Kimilerine göre bu oyunda simgesel olarak “insanın durumu” anlatılmıştır. Doğası gereği asi olan, otoriteye boyun eğmeyen ve yeri geldiğinde otoriteyi çiğneyerek isyan eden insan ve yine onu cezalandıran insan yapımı sistemler (devlet, hukuk vs). Burada her bir Tanrısal taraf birtakım insanlık durumlarını temsil etmektedir.
Zincire Vurulmuş Prometheus, birçok tragedyada gördüğümüz gibi politik bir oyundur. Bir devrimi ve devrimin kendi taraftarlarını yok etmeye yönelmesini konu alır. Yeni bir kuşağın eski kuşağı devirip iktidarı ele geçirmesidir söz konusu olan.

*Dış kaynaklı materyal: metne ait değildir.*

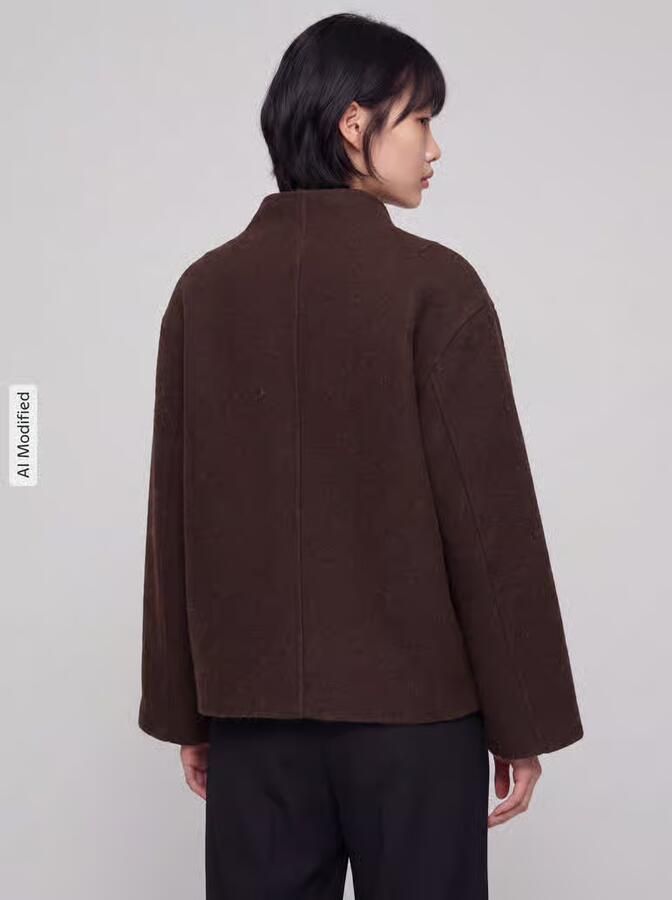 Jake*s Collection Regular fit blouson met dubbele knoopsluiting - Foto 3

Zeus Titanlardan olan Kronos’u devirip onun egemenliğine son verip kendi egemenliğini kurar. Kronos güçlüdür, zeus güçlü ve akıllı. Güç akılla birlikte Kronos’u alt etmiştir. Akıldan bağımsız bir güç ancak kör ve kendi sonunun hazırlayıcısıdır. Zeus’un da sonunu zaten bu güç sarhoşluğu ve akıl yoksunluğu getirecektir. Kısacası Kronos’ta olduğu gibi Zeus’ta da akıl kaba kuvveti galebe çalacaktır.

Prometheus’un bilici bir Tanrıdır. Geleceği görebilir. Bu yeteneği sayesinde Zeus’u zora düşürmüştür ki son eylemi ile sabır taşırmıştır. Narteks kamışı[1] (Rezene sapı) içinde ateşi çalıp insanlara vermesidir bu eylemi. İşte tragedyada da Prometheus’un bu cezalandırılma aşaması konu edilir. Bu mit içten içe insanın kendi öz gücünün bilincine varmasını ve Tanrıya (iktidara) karşı ayaklanmasını salık verir. Tabi bu eylem ancak aklın rehberliğinde gerçekleştiğinde insanı zafere taşıyabilecektir.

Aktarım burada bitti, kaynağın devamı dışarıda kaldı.